You know it’s too dangerous.
If she ended up targeted by the slavers, she wanted there to be no connection to anyone. It was why she’d cut ties, why she’d made sure no one could trace her back to the people she cared about.
Her feet struck the treadmill as she ran, sweat running down her back, soaking into her sports bra.
Her failure the other night, paired with her reaction to those alphas, had her needing to run herself to exhaustion just to deal with it.
When she did this, when she pushed her body to its limits and forced it to adapt, she didn’t feel like such a failure. She didn’t feel weak or useless or anything.
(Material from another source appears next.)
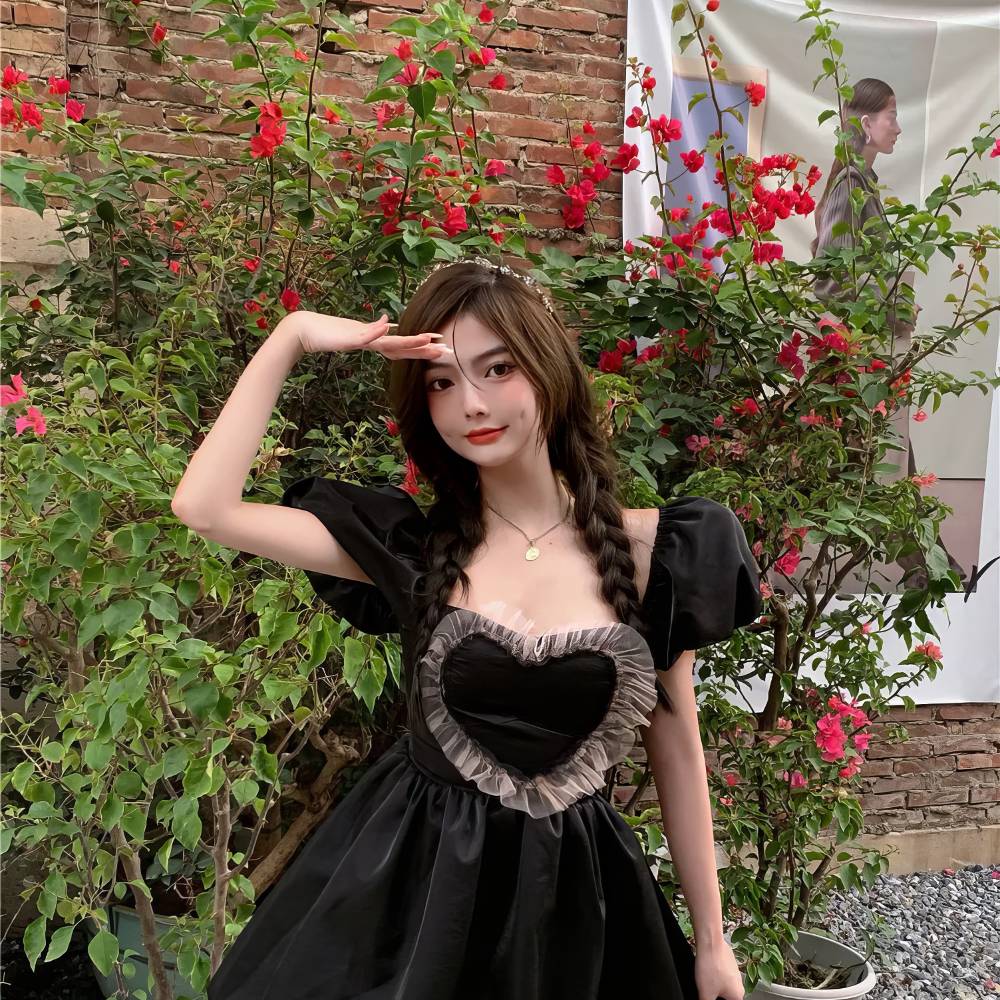 Robe gothique romantique courte noire en velours avec corsage en forme de cœur et manches bouffantes, modèle RebelRequiem, vue de face en extérieur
Still, today might have been a bit more than usual. The owner of the gym had cast her a few concerned looks—probably didn’t want her passing out and hitting her head—but she waved off his concern as she guzzled down more water.
The steady thump of her feet against the treadmill belt helped relax her. Music in her headphones drowned out the world around her. It let her sink into the rhythm of her steps, into the simple movements that made her feel free.
At least, it did until her machine stopped. She came forward, catching herself on the console, her eyes flying open. Had she accidently pulled the emergency stop? Had she broken the damned thing?
Nope. Even worse.
The three alphas from the night before stood in front of her.